Production Agent Reporting Outage

Incident Report for Cloud 66

Postmortem

At approximately 07:00 UTC we started to perform a minor system quality-of-life backend update. The update had unintended consequences on an older system component which hadn’t been changed in a while. The component was to do with agent server communications, and it ended up disabled after the update. Although the same component was unaffected during testing in dev/staging and passed UAT, it turned out that there was a necessarily different configuration around rewrites in production that caused the issue.

The nature of the update meant that rolling back wasn’t straightforward, so the team resolved to fix the incompatibility in-place, and as such were unable to stop the erroneous “server down” notifications that then went out. The issue was resolved approximate 1 hour later. at 08:00 UTC - after which time servers would have started to appear as “online” again.

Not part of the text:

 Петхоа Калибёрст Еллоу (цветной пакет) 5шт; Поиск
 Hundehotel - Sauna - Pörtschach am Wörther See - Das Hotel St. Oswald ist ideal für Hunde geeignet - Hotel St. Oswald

Subsequent to this outage, the difference in configuration has been added to our operations processes, such that this will not occur again. Our apologies for the inconvenience and concern that this may have created!

Posted Sep 09, 2022 - 09:22 UTC

Resolved

This incident has been resolved.

Posted Sep 09, 2022 - 08:51 UTC

Identified

The issue has been identified and a fix is being implemented.

Posted Sep 09, 2022 - 07:20 UTC

This incident affected: Upstream Dependencies (Github) and Core Systems, BuildGrid, Realtime Push Systems, ContainerNet.